King Abdullah Economic City Stadium ملعب مدينة الملك عبدالله الاقتصادية
- Planned design of the stadium
- Interactive map of King Abdullah Economic City Stadium ملعب مدينة الملك عبدالله الاقتصادية
- Location: King Abdullah Economic City, Rabigh, Saudi Arabia
- Coordinates: 22°24′43″N 39°11′10″E﻿ / ﻿22.412°N 39.186°E
- Owner: Ministry of Sport
- Operator: Ministry of Sport
- Capacity: 45,700
- Surface: Hybrid grass
- Field size: Field of play: 105m × 68m Pitch area: 125m × 85m

Construction
- Groundbreaking: 2027; 1 year's time (planned)
- Opened: 2032; 6 years' time (planned)
- Architect: AFL Architects

Tenant
- 2034 FIFA World Cup (planned)

= King Abdullah Economic City Stadium =

Planned multi-purpose stadium in King Abdullah Economic City, Saudi Arabia

King Abdullah Economic City Stadium (ملعب مدينة الملك عبد الله الاقتصادية) is a planned multi-purpose stadium in King Abdullah Economic City, Rabigh, Saudi Arabia on the Red Sea coast north of Jeddah.
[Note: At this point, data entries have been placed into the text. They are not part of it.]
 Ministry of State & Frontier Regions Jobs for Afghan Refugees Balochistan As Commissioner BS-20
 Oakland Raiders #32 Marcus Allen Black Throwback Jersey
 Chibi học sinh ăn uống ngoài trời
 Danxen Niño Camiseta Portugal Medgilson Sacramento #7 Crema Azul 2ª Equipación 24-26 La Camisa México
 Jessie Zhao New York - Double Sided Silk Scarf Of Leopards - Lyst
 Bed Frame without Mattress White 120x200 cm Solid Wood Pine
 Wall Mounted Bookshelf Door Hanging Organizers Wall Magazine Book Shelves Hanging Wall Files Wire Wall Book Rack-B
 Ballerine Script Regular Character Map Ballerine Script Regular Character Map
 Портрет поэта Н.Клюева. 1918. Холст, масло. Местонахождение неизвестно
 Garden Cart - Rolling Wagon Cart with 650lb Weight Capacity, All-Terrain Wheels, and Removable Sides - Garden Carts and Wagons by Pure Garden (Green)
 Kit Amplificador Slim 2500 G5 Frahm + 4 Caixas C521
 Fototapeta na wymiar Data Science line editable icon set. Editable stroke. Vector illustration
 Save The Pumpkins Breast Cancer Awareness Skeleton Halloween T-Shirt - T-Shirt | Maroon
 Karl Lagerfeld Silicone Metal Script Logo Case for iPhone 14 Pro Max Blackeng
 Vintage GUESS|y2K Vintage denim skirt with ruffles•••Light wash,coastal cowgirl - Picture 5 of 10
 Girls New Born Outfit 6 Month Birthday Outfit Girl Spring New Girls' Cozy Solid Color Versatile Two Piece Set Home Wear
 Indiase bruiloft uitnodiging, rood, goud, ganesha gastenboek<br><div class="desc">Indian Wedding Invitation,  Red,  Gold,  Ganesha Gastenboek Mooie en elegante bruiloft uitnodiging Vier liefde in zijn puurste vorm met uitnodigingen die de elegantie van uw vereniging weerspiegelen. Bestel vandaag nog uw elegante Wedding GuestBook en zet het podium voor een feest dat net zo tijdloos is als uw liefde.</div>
It is set to be a venue for the 2034 FIFA World Cup and has a proposed capacity of 45,700 people, where it will host fixtures in the group stage and round of 32.

==Overview==
King Abdullah Economic City is a planned city in Rabigh Governorate, Mecca Province, Saudi Arabia. It was announced as a megaproject in 2005 by King Abdullah, and the city — including its stadium — was named in his honor. It is located in close proximity to Thuwal, almost 100 km north of Jeddah.

==Description==

=== Construction ===
Construction on the stadium is planned to begin in 2027 and its opening will take place in 2032. The primary architects hired to design the stadium will be AFL Architects based out of Manchester. AFL said the stadium will feature energy-efficient systems and green spaces as part of plans to prioritize the conservation of resources and the reduction of its ecological footprint.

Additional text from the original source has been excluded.